Gold has surged above $4,000 (£2,985) an ounce, hitting an all-time high. Investors are turning to the precious metal as political tensions and economic uncertainty shake global markets. The rally marks gold’s strongest climb since the 1970s. Prices have jumped nearly a third since April, when US President Donald Trump’s tariffs disrupted international trade and rattled financial systems.
US government shutdown fuels market jitters
The US government shutdown, now in its second week, is intensifying investor anxiety worldwide. Analysts say delays in key economic data have added to market uncertainty. Gold, long seen as a safe haven, continues to benefit from this volatility. On Wednesday afternoon in Asia, spot gold — the live price for immediate delivery — surpassed $4,036 an ounce. Gold futures, reflecting market sentiment, reached the same level on 7 October. Futures contracts allow traders to lock in prices for delivery at a later date.
Political gridlock strengthens gold’s appeal
Christopher Wong, rates strategist at OCBC in Singapore, described the shutdown as a “tailwind for gold prices.” He said repeated clashes over government spending have pushed investors toward safer assets. During Trump’s first term, gold rose nearly 4% during a similar month-long shutdown.

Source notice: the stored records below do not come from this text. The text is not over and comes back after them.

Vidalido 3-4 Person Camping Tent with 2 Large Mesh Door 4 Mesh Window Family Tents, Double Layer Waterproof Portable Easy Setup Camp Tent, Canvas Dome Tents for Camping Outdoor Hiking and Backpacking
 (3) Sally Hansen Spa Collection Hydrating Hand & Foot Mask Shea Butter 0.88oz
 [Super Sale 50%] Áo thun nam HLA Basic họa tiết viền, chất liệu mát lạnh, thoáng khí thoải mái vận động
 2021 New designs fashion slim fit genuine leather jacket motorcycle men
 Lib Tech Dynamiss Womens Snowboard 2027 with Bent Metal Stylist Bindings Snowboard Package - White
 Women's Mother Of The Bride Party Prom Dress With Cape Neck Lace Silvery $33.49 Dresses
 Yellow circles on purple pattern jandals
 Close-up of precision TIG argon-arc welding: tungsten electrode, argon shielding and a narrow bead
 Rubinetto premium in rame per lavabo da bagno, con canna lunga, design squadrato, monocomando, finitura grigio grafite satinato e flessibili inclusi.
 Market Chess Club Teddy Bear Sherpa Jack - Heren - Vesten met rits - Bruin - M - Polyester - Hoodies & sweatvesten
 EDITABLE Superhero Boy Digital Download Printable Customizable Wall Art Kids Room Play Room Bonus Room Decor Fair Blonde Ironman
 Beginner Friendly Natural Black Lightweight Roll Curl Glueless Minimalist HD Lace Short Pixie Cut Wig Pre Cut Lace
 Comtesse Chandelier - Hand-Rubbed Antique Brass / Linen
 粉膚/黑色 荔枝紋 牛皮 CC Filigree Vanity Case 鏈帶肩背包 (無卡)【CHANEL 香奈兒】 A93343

Wong warned that prices could fall if the standoff ends sooner than expected.
Analysts stunned by gold’s record surge
Heng Koon How, head of markets strategy at UOB Bank, called the rally “unprecedented” and beyond forecasts. He attributed the rise to a weaker US dollar and growing activity from retail investors. Many buyers are turning to exchange-traded funds (ETFs) instead of physical gold. According to the World Gold Council, a record $64 billion has flowed into gold ETFs this year.
Demand grows from institutions to retail investors
Gregor Gregersen, founder of Silver Bullion, said his company has seen customer numbers more than double in the past year. He noted that retail investors, banks, and wealthy families increasingly view gold as protection against economic instability. “Most of our clients are long-term holders,” Gregersen said, adding that many store their gold for over four years. “Gold will eventually dip, but I expect it to rise for at least five more years,” he added.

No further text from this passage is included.